In a two-year state budget proposal that has a lot of reductions, education was largely spared by comparison – state education funds to school districts will be essentially flat for the next two years, at the post-curtailment rate. While the budget adds $27 million to GPA, it also shifts $28 million in retirement costs to become a state/local share. Currently those retirement costs are covered entirely by the State – for all districts, from the wealthiest to the poorest. The state will continue to cover the full Unfunded Actuarial Liability – the 25-year costs of paying off retirement obligations for teachers – at $142m, and another $30m-plus for retired teachers health and life insurance.
I plan to share more about the education budget next week. For now, here are some education budget-related charts and summaries for your review.
Investing in Education
|Office of School Accountability and Support. Provide targeted resources to assist and support underperforming and struggling schools||
|Teacher and principal evaluation systems. Assist districts in implementing teacher and principal evaluation systems, as required by LD 1858 and anticipated ESEA waiver||
|College Transitions. Expand a highly successful program that provides high-quality, cost-effective and accessible pathways to post-high school education from throughout the state (currently only in about one-third the state’s Adult Ed programs)||
|CTE industry certification. Assist career and technical education centers and regions in attaining industry certification (equipment upgrades, staff training, new student assessments, etc.)||
|Proficiency-based diploma. Assist districts in transition to standards-based high school diploma, as required by LD 1422||
|Five-year high school. Expand Bridge-Year type model (Hermon CTE) to other CTE schools in the state, allowing high school diploma and community college degree in five years||
|Aspirations program. Allows more students to gain college experience and credit while still in high school – resulting in more students going on to, and completing, college||
|Jobs for Maine’s Graduates. Expands the reach of this highly successful program to well over 5,000 students statewide, helping students facing barriers to education to be successful in school and enter post-secondary education and the workforce.||
+ $450,000 (fy14)
Streamlining and Improving Educational Services Delivery
|Fund for the Efficient Delivery of Educational Services. Incentive and start-up funds available to school districts to form: a) a Regional School Unit that encompasses an entire Career and Technical Education region (there are 27 in the state), or b) a regional education cooperative that will substantially collaborate on key functions, such as special education, transportation, online learning, professional development, food services, etc.||
Net Impact of Education Funding in the FY 2014-15 Proposed Budget
- No additional cuts to GPA; $895m
Gov. LePage has made education a priority, increasing GPA each of the past two years. Even after the curtailment, GPA is still greater than last year, even as most state agencies and programs have and will see reductions. The proposed biennial budget essentially flat-funds schools at the same level ($894m-$895m) for FY 2013, FY 2014, and FY 2015.

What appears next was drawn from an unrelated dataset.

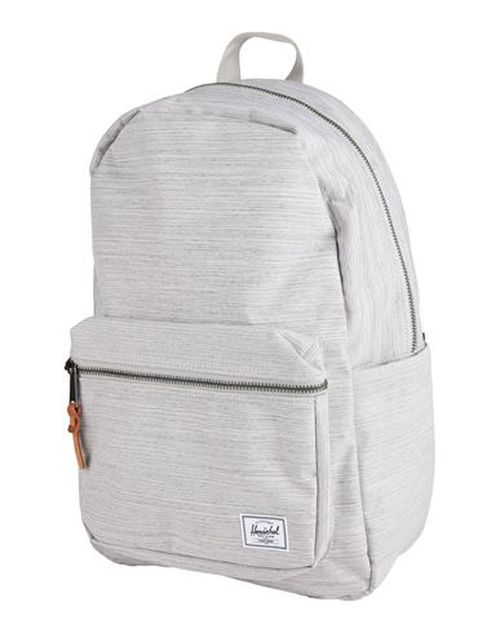 New from Herschel Supply Co.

- Enhancing student performance and opportunity; + $13m
Additional revenues through Title 8, Section 1036, will be used to increase education funds for schools and targeted to key initiatives that support school accountability, best practices, and educational options.
Nearly all of these funds – $13.1m in FY 2014 and $13.8m in FY 2015 – will flow to school districts. Funding will go to establishing a new accountability system with supports for underperforming and struggling schools, implementation of teacher and principal evaluation systems that were required by legislation passed last session, and to support school work on developing proficiency-based diplomas, also required by legislation, and other purposes. With these funds, the state is backing up its expectations with funding and support.
- Additional funds to GPA to support portion of teacher retirement costs; + $14m
The state will provide $14 million to cover half the current cost of retirement costs.
- Making educator retirement a shared responsibility; – $28m
For too long, teacher retirement has been paid 100 percent by the state, regardless of a community’s wealth, and with no recognition that retirement is an employer responsibility. This $28 million annual cost has been, in essence, a tax shift onto poorer communities from wealthier ones. The biennial budget makes teacher retirement payments a shared responsibility of school districts and their communities and the state.
By running these costs through the funding formula, rather than simply reducing GPA by an across-the board $14 million, we are able to more equitably distribute the necessary savings.